# Brewery Dataset (Using Polars)

## Dataset Inspection (Bronze)

In [None]:
import polars as pl
import os

In [None]:
# Load brewery_operations.csv
brewery_ds = pl.read_csv('bronze/brewery_data_complete_extended.csv')

In [None]:
brewery_ds.schema

In [None]:
brewery_ds.head()

In [None]:
brewery_ds.describe()

The dataset does not contain any null values.

## Bronze -> Silver

Brew date is stored as a string, transforming to Date object.

In [None]:
# Convert 'Brew_Date' to datetime
brewery_ds_dt = brewery_ds.with_columns(
    pl.col('Brew_Date').str.to_datetime()
)

# Print an example of Brew_Date
brewery_ds_dt.select(pl.col('Brew_Date')).head()

Ingredient ratios are difficult to interpret. Splitting them into three columns that represent the percentage of each ingredient.
According to clarification here: https://www.kaggle.com/datasets/ankurnapa/brewery-operations-and-market-analysis-dataset/discussion/460903
The ratio represents water:grains:hops

In [None]:
# Split 'Ingredient_Ratio' into exactly three parts and cast to float
brewery_ds_dt_s = brewery_ds_dt.with_columns(
    pl.col('Ingredient_Ratio').str.split_exact(n=2, by=":").alias('Ingredients')
)

# Extract ratio values and cast to float
brewery_ds_dt_ss = brewery_ds_dt_s.with_columns([
    pl.col('Ingredients').struct.field('field_0').cast(pl.Float64).alias('Water_Ratio'),
    pl.col('Ingredients').struct.field('field_1').cast(pl.Float64).alias('Grains_Ratio'),
    pl.col('Ingredients').struct.field('field_2').cast(pl.Float64).alias('Hops_Ratio')
])

# Calculate total ratio
brewery_ds_dt_sss = brewery_ds_dt_ss.with_columns(
    (pl.col('Water_Ratio') + pl.col('Grains_Ratio') + pl.col('Hops_Ratio')).alias('Total_Ratio')
)

# Calculate percentages
brewery_ds_dt_ssss = brewery_ds_dt_sss.with_columns([
    (pl.col('Water_Ratio') / pl.col('Total_Ratio') * 100).alias('Water_Percentage'),
    (pl.col('Grains_Ratio') / pl.col('Total_Ratio') * 100).alias('Grains_Percentage'),
    (pl.col('Hops_Ratio') / pl.col('Total_Ratio') * 100).alias('Hops_Percentage')
])

# Drop unnecessary columns
brewery_ds_dt_ss_d = brewery_ds_dt_ssss.drop(['Ingredients', 'Water_Ratio', 'Grains_Ratio', 'Hops_Ratio', 'Total_Ratio'])
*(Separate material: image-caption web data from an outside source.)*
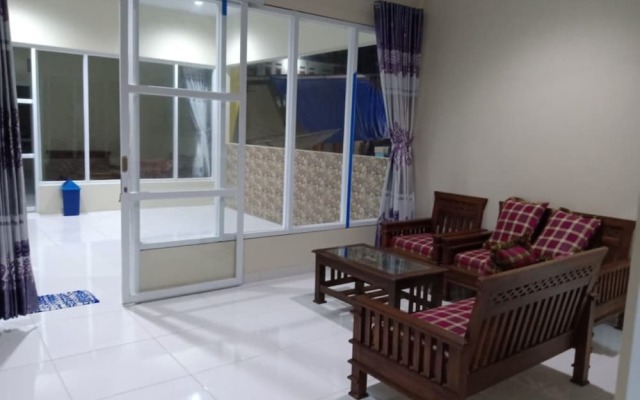 Hotel Abad Baru 1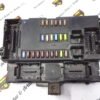 BCM Caja de fusibles Iveco Daily 5801815660 Y503440590113 BCMS20I-02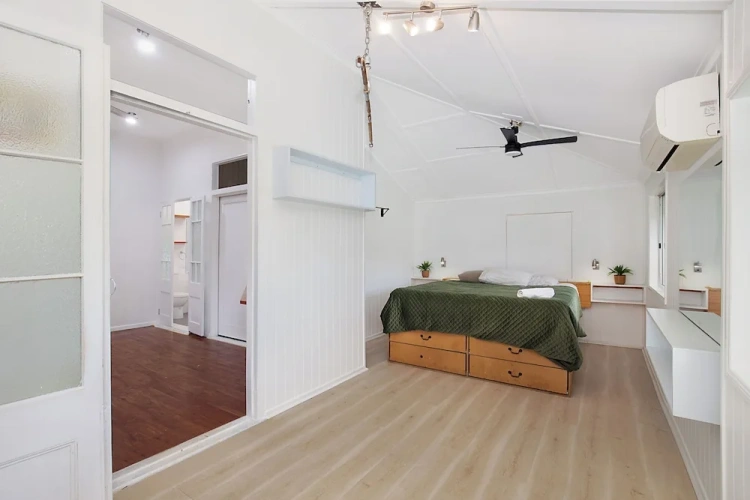Comfort Apartment with balcony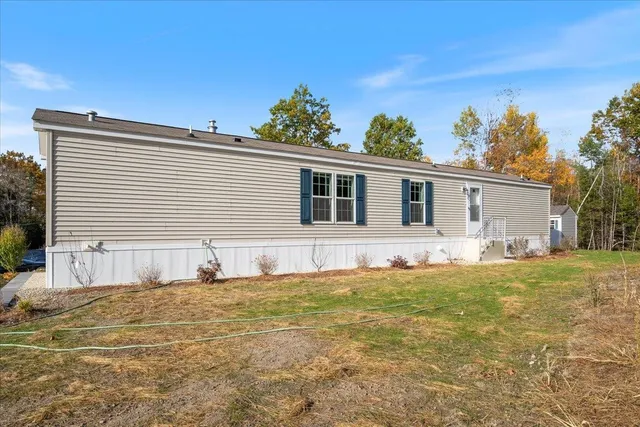 $229,000 | 843 High Street, Unit 14B, Candia, NH 03034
print(brewery_ds_dt_ss_d.head())

Adding the losses during each stage of brewing to a total loss is an easy and intuitive transformation to be made.
It is unclear, and unexplained in the Data Card, whether the volume loss is from the initial amount or from each sequential step. 
Operating under the assumption that volume losses are as percentages of the volume from the previous step.

In [None]:
brewery_ds_dt_sst = brewery_ds_dt_ss_d.with_columns(
    (
        100 * (1 - (
            (1 - pl.col('Loss_During_Brewing') / 100) *
            (1 - pl.col('Loss_During_Fermentation') / 100) *
            (1 - pl.col('Loss_During_Bottling_Kegging') / 100)
        ))
    ).alias('Total_Loss_Percentage')
)

print(brewery_ds_dt_sst.select(pl.col('Total_Loss_Percentage')).head())


In [None]:
# Save the dataset
brewery_ds_dt_sst.write_csv('silver/brewery_data.csv')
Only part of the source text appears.